Interesting! I didn't know we could do that :smile:

I'm not 100% sure whether or not we still need to avoid sorting includes for the compiler; I am not recalling why I had that setting, but I'd much prefer replacing it with a curated priority list if we have a reason.g

rwy7 commented 7 years ago

Re ColumnLimit: I think It's reasonable to enforce a line length limit. The point of using ColumnLimit: 0 was to leave wrapping up to the discretion of the developer, not to have unlimited line length. Maybe people see it differently, but using an unlimited line length doesn't help us, it just puts a big hole in our standardization.

Plus it means the formatter is going to "just work".

charliegracie commented 7 years ago

I am in favor of having no line length limit as my screen is really wide and I dislike having a line broken up. I prefer to scroll if I need to but I feel I am probably in the minority. I could easily be swayed if it makes the code look better / formatting easier.

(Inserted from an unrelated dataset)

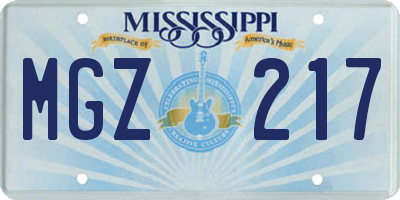 MS license plate MGZ217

fjeremic commented 7 years ago

I too am in favor of unlimited column width as wide screen monitors are quite common so any column limit would effectively be arbitrary (to some degree). It seems the ColumnLimit: 0 option is only affecting the multiline comments, a problem easily solved by a search replace on tabs with spaces.

Would it be possible to format everything with a very large ColumnLimit first so as to get rid of the tabs, and then re-format the already formatted code with ColumnLimit: 0? Would this fix the problem?

mgaudet commented 7 years ago

I tend to actually support a line width limit.

IMO, the old 80 column rule is -too strict-, because monitors have gotten wider, but, unlimited is equally bad.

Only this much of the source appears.